**Work task**
Below are some records; copy them word for word and drop the pictures.

**Source data**
——

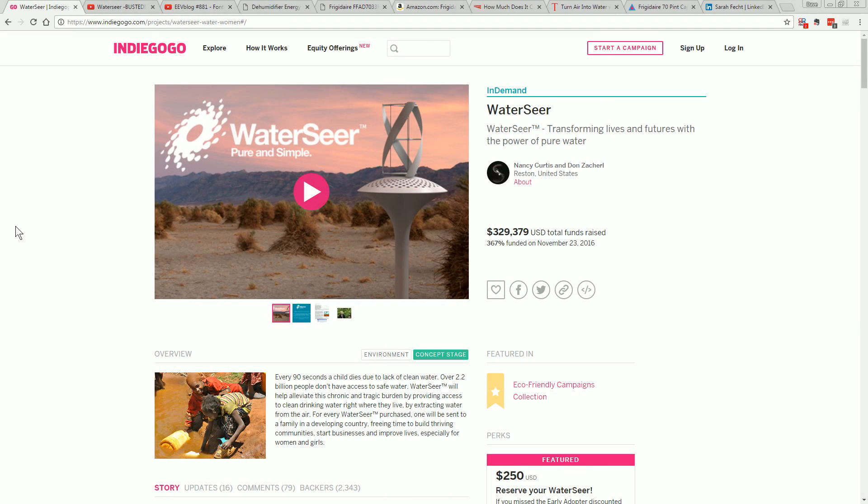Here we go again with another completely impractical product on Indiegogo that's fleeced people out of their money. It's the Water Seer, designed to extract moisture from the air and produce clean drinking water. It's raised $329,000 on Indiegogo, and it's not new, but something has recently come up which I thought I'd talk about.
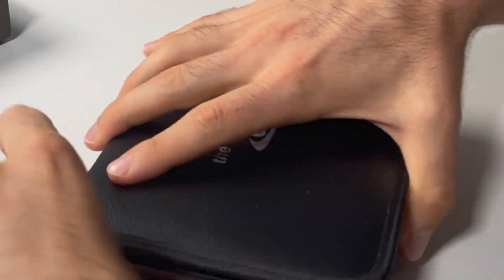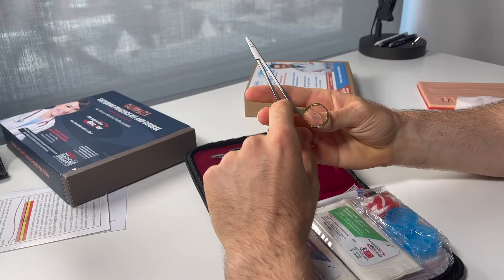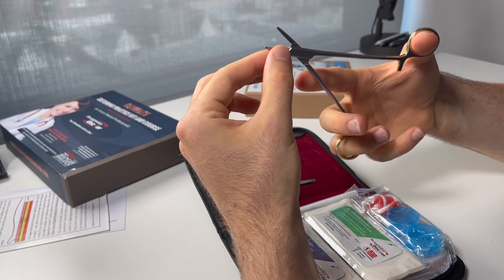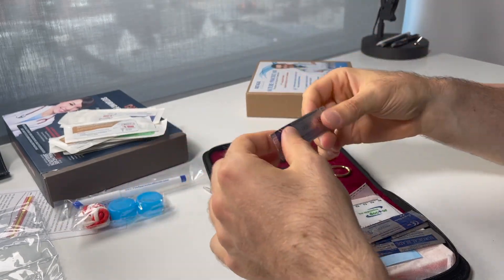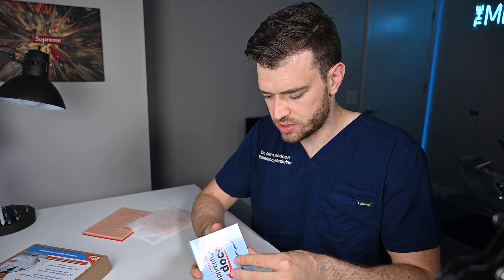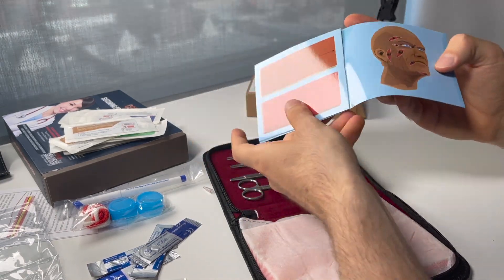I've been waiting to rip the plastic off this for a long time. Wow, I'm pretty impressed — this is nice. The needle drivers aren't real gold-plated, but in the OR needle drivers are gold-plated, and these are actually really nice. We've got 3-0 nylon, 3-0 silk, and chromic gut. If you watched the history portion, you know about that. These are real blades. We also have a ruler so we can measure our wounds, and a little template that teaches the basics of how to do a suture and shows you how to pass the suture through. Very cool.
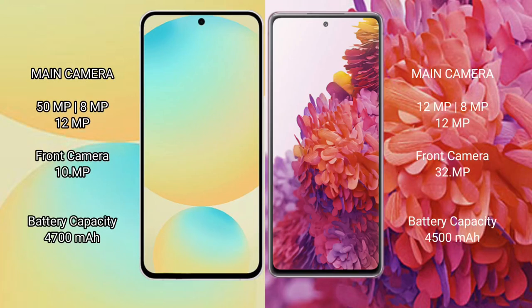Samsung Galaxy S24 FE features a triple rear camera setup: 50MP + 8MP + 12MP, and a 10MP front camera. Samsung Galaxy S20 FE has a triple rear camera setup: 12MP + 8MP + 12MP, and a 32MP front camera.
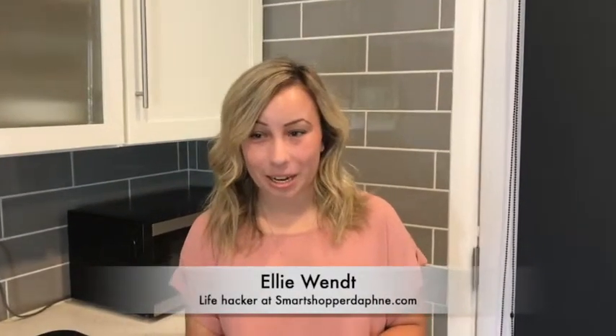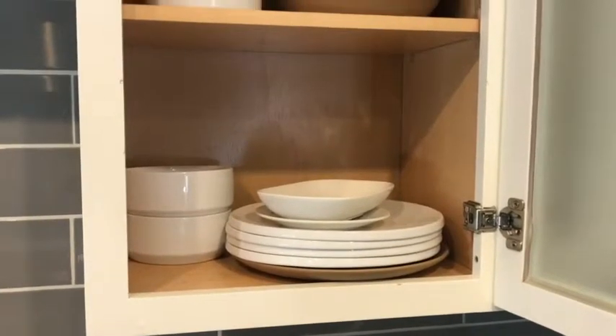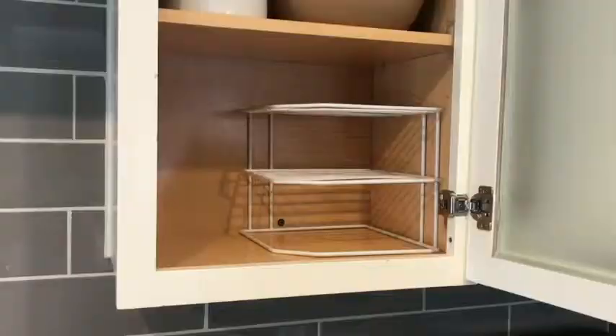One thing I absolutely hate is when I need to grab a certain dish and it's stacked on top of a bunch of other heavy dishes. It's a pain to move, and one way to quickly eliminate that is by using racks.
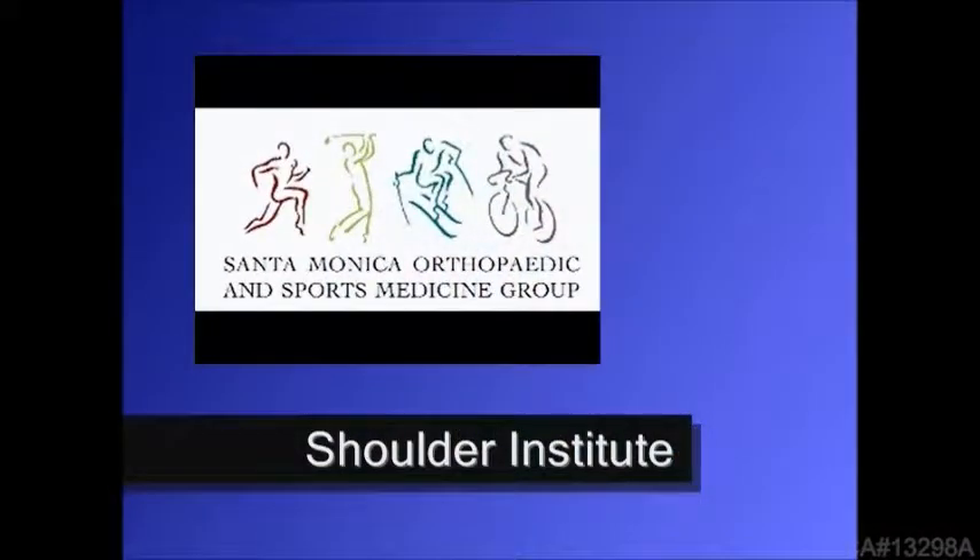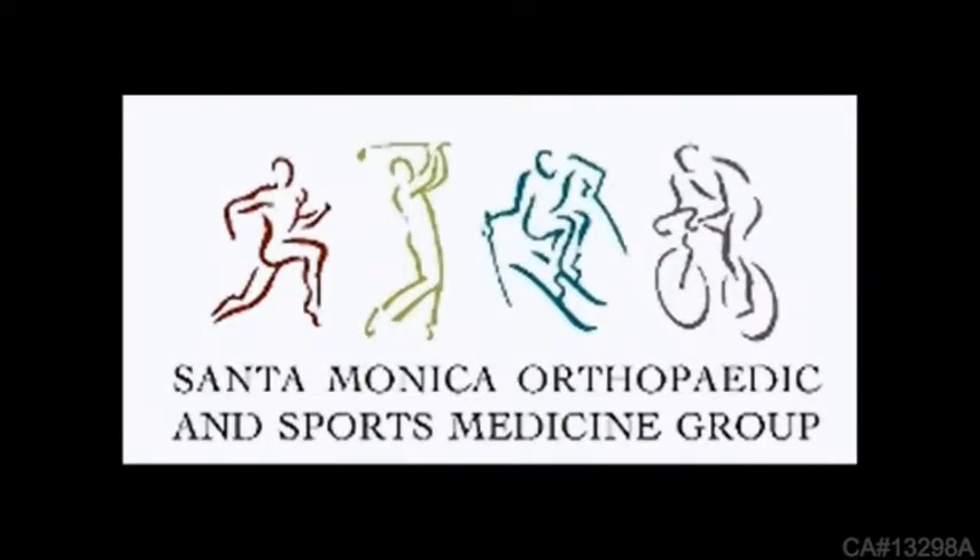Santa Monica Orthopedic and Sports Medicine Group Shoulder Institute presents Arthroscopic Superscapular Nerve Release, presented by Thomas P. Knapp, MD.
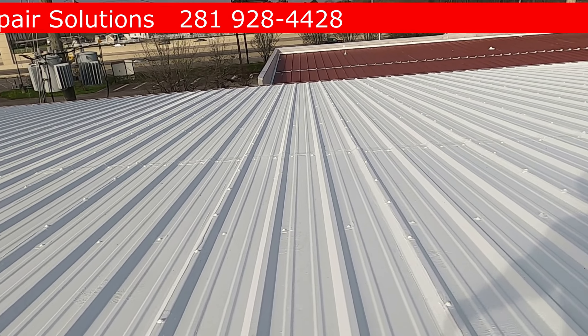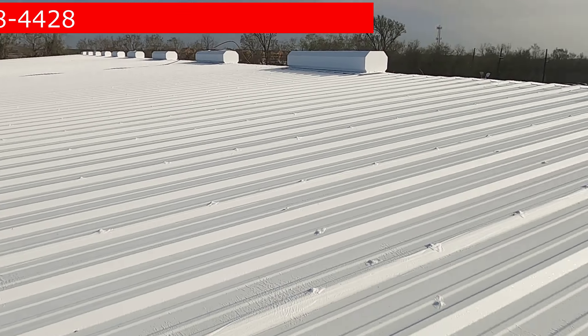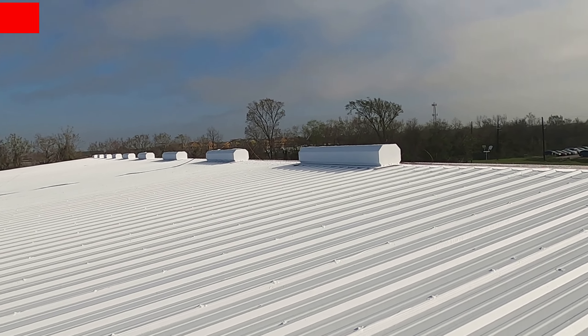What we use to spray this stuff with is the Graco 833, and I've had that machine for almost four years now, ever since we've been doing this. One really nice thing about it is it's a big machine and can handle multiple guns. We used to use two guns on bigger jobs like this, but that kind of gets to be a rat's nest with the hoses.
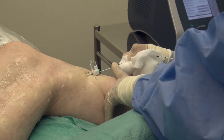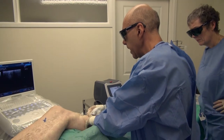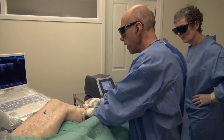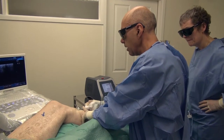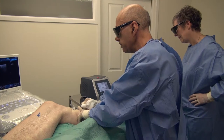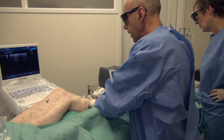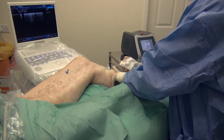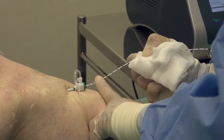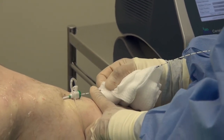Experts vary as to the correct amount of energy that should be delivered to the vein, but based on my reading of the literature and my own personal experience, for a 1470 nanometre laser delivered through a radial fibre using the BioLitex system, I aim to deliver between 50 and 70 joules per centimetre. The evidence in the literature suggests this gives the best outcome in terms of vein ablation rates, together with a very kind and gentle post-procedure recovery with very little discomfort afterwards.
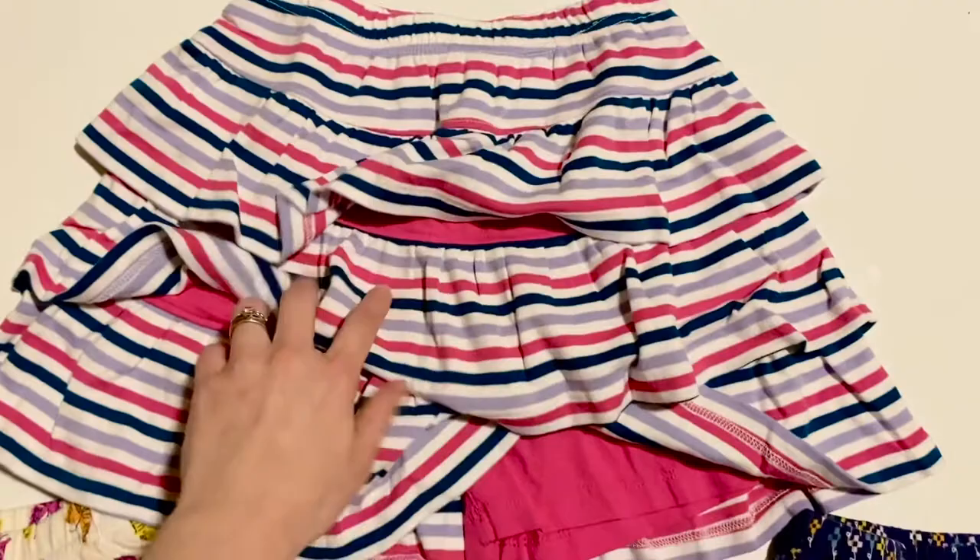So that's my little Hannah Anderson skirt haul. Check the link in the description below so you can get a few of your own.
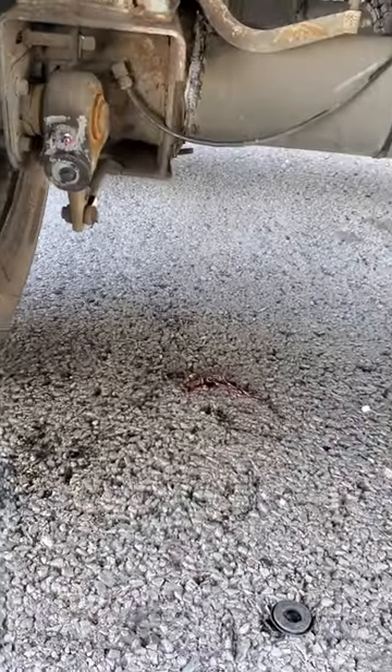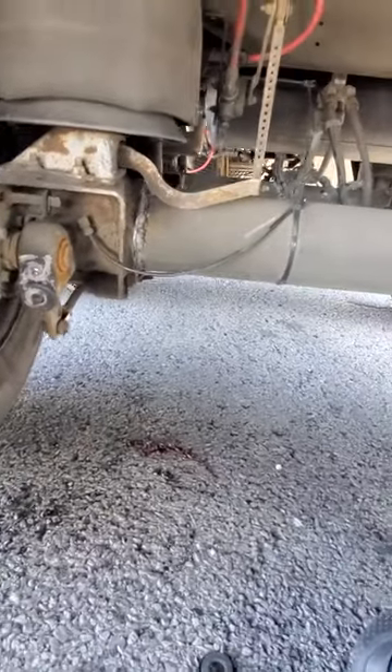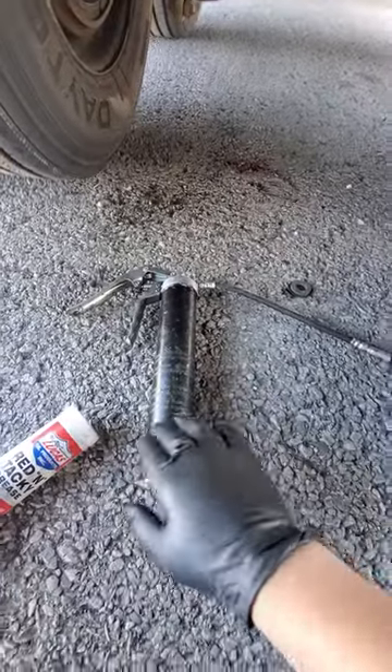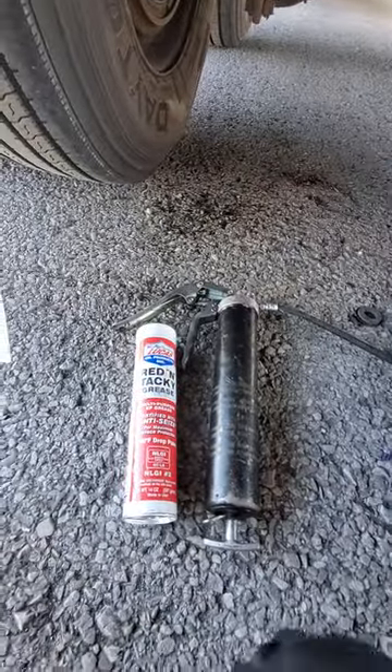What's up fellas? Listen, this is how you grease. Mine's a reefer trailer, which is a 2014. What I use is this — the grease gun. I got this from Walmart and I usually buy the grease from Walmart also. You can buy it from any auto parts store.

——

**Written response**
Here we go again with another completely impractical product on Indiegogo that's fleeced people out of their money. It's the Water Seer, designed to extract moisture from the air and produce clean drinking water. It's raised $329,000 on Indiegogo, and it's not new, but something has recently come up which I thought I'd talk about.
I've been waiting to rip the plastic off this for a long time. Wow, I'm pretty impressed — this is nice. The needle drivers aren't real gold-plated, but in the OR needle drivers are gold-plated, and these are actually really nice. We've got 3-0 nylon, 3-0 silk, and chromic gut. If you watched the history portion, you know about that. These are real blades. We also have a ruler so we can measure our wounds, and a little template that teaches the basics of how to do a suture and shows you how to pass the suture through. Very cool.
Samsung Galaxy S24 FE features a triple rear camera setup: 50MP + 8MP + 12MP, and a 10MP front camera. Samsung Galaxy S20 FE has a triple rear camera setup: 12MP + 8MP + 12MP, and a 32MP front camera.
One thing I absolutely hate is when I need to grab a certain dish and it's stacked on top of a bunch of other heavy dishes. It's a pain to move, and one way to quickly eliminate that is by using racks.
Santa Monica Orthopedic and Sports Medicine Group Shoulder Institute presents Arthroscopic Superscapular Nerve Release, presented by Thomas P. Knapp, MD.
What we use to spray this stuff with is the Graco 833, and I've had that machine for almost four years now, ever since we've been doing this. One really nice thing about it is it's a big machine and can handle multiple guns. We used to use two guns on bigger jobs like this, but that kind of gets to be a rat's nest with the hoses.
Experts vary as to the correct amount of energy that should be delivered to the vein, but based on my reading of the literature and my own personal experience, for a 1470 nanometre laser delivered through a radial fibre using the BioLitex system, I aim to deliver between 50 and 70 joules per centimetre. The evidence in the literature suggests this gives the best outcome in terms of vein ablation rates, together with a very kind and gentle post-procedure recovery with very little discomfort afterwards.
So that's my little Hannah Anderson skirt haul. Check the link in the description below so you can get a few of your own.
What's up fellas? Listen, this is how you grease. Mine's a reefer trailer, which is a 2014. What I use is this — the grease gun. I got this from Walmart and I usually buy the grease from Walmart also. You can buy it from any auto parts store.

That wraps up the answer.